__WHAT THE TASK REQUIRES__.
Among the lines below, output only those between the line holding "Ebros Gift Ebros" and the line holding "Pine Kids Looper", inclusive, exactly as written and with no pictures.

┌─ RECORDS SUPPLIED

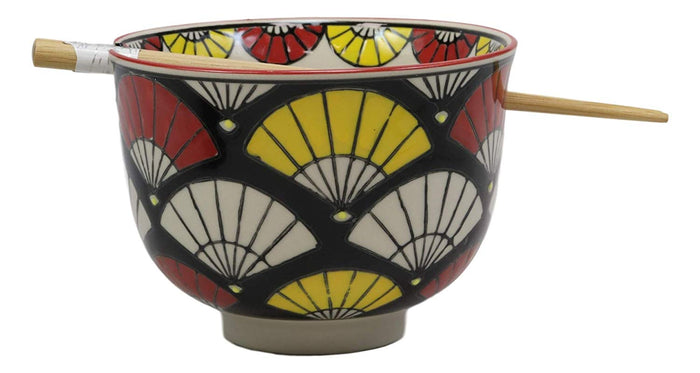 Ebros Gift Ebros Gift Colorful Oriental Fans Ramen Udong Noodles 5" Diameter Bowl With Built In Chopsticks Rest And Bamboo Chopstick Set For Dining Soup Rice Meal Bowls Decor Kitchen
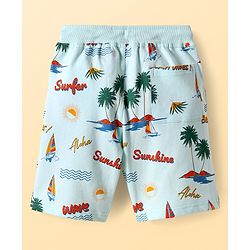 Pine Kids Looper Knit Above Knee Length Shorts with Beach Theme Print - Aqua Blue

└─
┌─ RECORDS SUPPLIED

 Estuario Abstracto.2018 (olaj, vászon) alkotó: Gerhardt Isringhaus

└─
┌─ RECORDS SUPPLIED

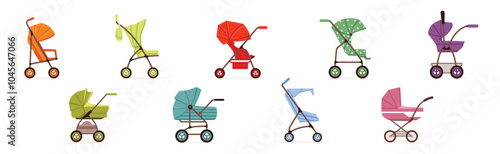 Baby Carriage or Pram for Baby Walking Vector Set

└─

__RESPONSE AREA__.
 Ebros Gift Ebros Gift Colorful Oriental Fans Ramen Udong Noodles 5" Diameter Bowl With Built In Chopsticks Rest And Bamboo Chopstick Set For Dining Soup Rice Meal Bowls Decor Kitchen
 Pine Kids Looper Knit Above Knee Length Shorts with Beach Theme Print - Aqua Blue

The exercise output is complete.